Metabolic responses to the fat load were expressed as the area under the curve (AUC) calculated by trapezoidal estimation. Insulin resistance was estimated by the homeostasis model assessment (HOMA = [fasting glucose × fasting insulin]/22.5) (35). Differences in age, BMI, HbA1c, fasting metabolic parameters, and AUC between the two groups were examined by Mann-Whitney tests because these parameters were not normally distributed and our sample size was small. Differences in the metabolic responses between the two groups and across the four time points were also examined by repeated measures ANOVA. Both Mann-Whitney tests and repeated measures ANOVA yielded similar results for the differences of the metabolic parameters during the loading tests between the two groups. Only p values from the Mann-Whitney tests were reported. Differences in sex and sexual maturation were examined by Fisher's exact tests. Correlations were evaluated, and multiple linear regression analyses were used when indicated. The statistical package for social sciences for Windows, version 10.5 (SPSS, Inc., Chicago, IL) was used for the statistical analyses. Significance was accepted at the level p < 0.05. Data are presented as mean ± SEM.

RESULTS

Fasting state.

Fasting PAI-1 activities were significantly greater in the diabetes group than in the control group.
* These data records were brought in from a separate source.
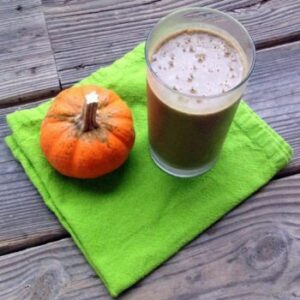 Photograph of a smoothie and a small pumpkin on a green napkin from "Peanut Butter Pumpkin Pick-Me-Up" recipe by Green Smoothie Girl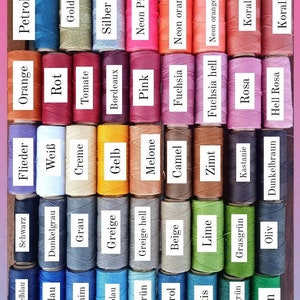 Pu&ograve; includere: Una collezione di 36 bobine di filo in vari colori, tra cui blu, verde, rosso, arancione, giallo, marrone e viola. Le bobine sono etichettate con il nome del colore in tedesco. Il testo "LINHASITA GARN IN 1MM ST&Auml;RKE" &egrave; nella parte superiore dell'immagine.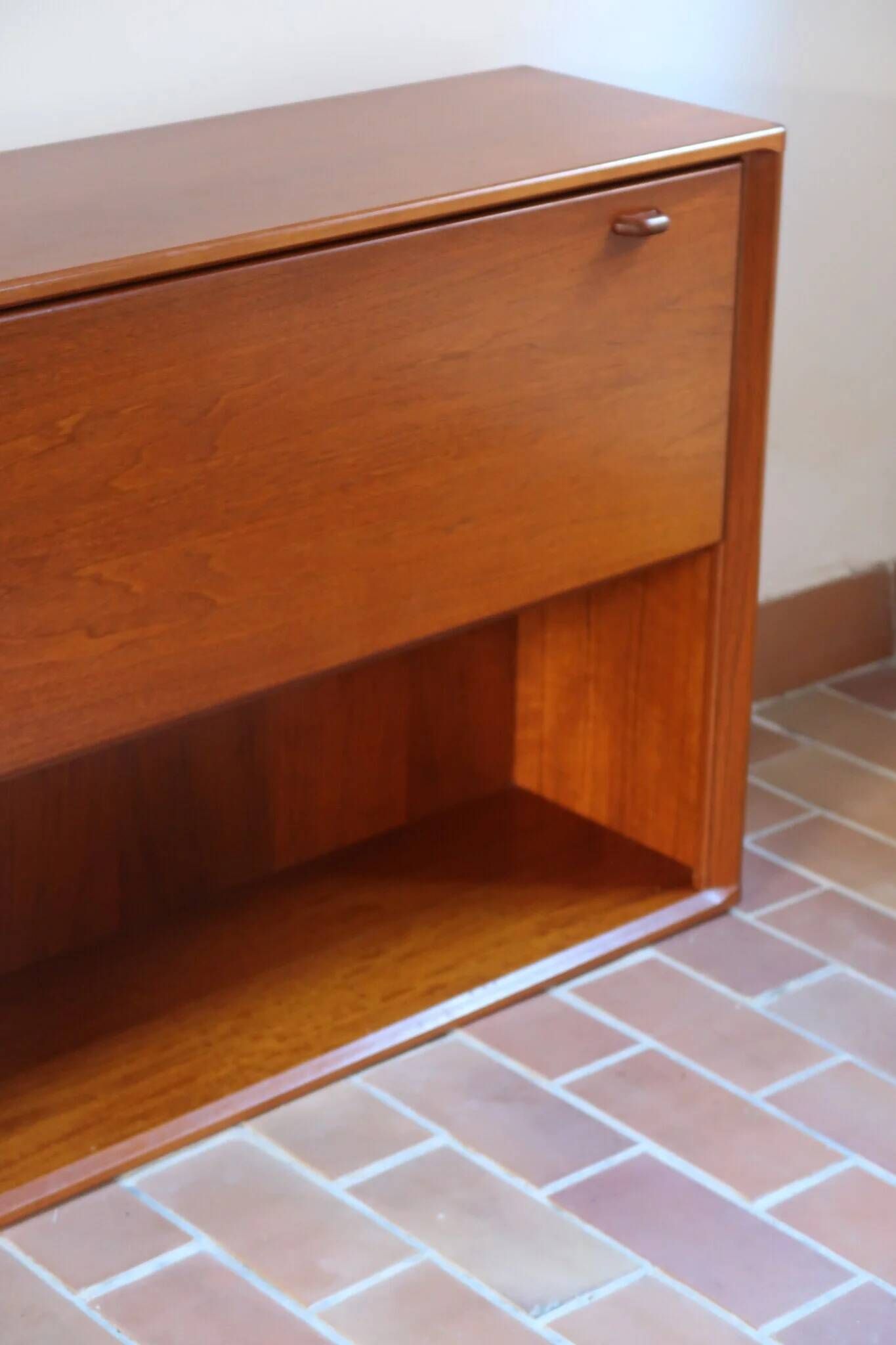 Vintage teak bar cabinet with black glass interior.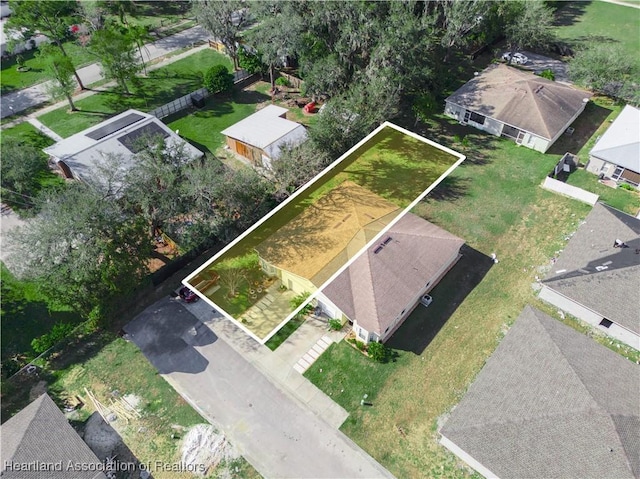 birds eye view of property with a residential view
Fasting t-PA activities in the diabetes group were significantly lower than in the control group. Triglyceride was the only lipid parameter that was significantly different in the patients than in the control subjects. As expected, the fasting glucose and HbA1c levels were significantly higher in the diabetes group when compared with the control group. The fasting C-peptide and insulin levels were also significantly greater in the diabetes group than in the control group. HOMA was greater in the patients with diabetes than in the control subjects (Table 2).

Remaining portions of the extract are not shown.